• EXERCISE INSTRUCTIONS: Here is the task for the records below: repeat exactly the lines from the one with "Blue hair green" to the one with "Détail du cordon", both included, and nothing else.

Caption-style text data
-*-

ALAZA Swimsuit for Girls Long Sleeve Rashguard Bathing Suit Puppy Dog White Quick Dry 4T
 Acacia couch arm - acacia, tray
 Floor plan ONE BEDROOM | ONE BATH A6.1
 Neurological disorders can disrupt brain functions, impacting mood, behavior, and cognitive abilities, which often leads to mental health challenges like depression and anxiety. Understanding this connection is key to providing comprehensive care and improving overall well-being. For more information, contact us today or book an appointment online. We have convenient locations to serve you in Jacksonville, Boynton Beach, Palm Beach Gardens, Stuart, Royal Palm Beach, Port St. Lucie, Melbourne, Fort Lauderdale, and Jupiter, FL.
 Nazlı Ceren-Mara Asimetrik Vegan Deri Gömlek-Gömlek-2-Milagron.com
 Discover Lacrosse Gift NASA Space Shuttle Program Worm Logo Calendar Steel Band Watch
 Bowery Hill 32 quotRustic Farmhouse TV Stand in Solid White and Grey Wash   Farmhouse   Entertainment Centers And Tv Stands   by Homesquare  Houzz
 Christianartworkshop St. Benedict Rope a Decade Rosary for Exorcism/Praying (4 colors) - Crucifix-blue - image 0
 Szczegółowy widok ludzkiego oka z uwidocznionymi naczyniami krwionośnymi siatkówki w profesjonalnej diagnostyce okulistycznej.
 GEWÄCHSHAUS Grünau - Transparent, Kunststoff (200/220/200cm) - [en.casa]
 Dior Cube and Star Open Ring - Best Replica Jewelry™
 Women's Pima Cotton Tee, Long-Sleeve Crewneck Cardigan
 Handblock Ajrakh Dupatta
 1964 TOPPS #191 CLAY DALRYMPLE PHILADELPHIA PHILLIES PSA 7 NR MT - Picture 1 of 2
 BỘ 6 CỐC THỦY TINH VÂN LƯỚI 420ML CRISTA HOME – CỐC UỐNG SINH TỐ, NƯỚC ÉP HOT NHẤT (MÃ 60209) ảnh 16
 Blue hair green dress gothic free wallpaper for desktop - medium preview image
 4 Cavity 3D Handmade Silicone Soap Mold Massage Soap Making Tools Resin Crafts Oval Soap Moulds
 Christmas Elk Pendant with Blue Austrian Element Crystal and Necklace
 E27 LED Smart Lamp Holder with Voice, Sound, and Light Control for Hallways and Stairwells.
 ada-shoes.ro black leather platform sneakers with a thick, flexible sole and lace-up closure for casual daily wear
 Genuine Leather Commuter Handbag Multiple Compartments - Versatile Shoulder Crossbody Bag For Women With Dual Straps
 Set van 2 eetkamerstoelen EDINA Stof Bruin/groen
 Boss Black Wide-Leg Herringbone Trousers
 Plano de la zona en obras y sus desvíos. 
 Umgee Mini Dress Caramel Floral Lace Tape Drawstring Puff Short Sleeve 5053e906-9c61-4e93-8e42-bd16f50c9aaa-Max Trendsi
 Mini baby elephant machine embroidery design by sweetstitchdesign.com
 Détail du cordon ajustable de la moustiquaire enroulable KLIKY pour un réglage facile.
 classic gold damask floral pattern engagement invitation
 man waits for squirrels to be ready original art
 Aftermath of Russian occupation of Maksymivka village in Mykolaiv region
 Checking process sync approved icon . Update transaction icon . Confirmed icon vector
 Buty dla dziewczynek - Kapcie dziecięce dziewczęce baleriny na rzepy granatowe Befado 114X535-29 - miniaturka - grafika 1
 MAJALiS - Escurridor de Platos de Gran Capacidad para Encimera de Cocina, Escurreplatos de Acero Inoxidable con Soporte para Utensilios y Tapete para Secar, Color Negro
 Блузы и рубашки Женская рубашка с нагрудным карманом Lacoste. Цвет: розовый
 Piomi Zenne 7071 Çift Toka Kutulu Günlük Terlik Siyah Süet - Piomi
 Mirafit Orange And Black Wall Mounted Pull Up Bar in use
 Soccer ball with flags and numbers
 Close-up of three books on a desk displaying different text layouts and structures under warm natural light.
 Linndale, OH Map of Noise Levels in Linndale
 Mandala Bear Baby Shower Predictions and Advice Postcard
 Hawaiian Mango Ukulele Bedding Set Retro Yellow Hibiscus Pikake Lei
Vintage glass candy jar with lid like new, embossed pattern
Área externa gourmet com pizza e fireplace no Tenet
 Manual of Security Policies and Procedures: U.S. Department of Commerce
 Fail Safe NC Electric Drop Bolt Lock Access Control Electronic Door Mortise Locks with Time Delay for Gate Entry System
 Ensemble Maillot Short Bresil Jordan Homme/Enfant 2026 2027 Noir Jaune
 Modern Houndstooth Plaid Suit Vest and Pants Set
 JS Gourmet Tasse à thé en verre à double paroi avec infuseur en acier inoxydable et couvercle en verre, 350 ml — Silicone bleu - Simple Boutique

-*-

• OUTPUT:
 Blue hair green dress gothic free wallpaper for desktop - medium preview image
 4 Cavity 3D Handmade Silicone Soap Mold Massage Soap Making Tools Resin Crafts Oval Soap Moulds
 Christmas Elk Pendant with Blue Austrian Element Crystal and Necklace
 E27 LED Smart Lamp Holder with Voice, Sound, and Light Control for Hallways and Stairwells.
 ada-shoes.ro black leather platform sneakers with a thick, flexible sole and lace-up closure for casual daily wear
 Genuine Leather Commuter Handbag Multiple Compartments - Versatile Shoulder Crossbody Bag For Women With Dual Straps
 Set van 2 eetkamerstoelen EDINA Stof Bruin/groen
 Boss Black Wide-Leg Herringbone Trousers
 Plano de la zona en obras y sus desvíos. 
 Umgee Mini Dress Caramel Floral Lace Tape Drawstring Puff Short Sleeve 5053e906-9c61-4e93-8e42-bd16f50c9aaa-Max Trendsi
 Mini baby elephant machine embroidery design by sweetstitchdesign.com
 Détail du cordon ajustable de la moustiquaire enroulable KLIKY pour un réglage facile.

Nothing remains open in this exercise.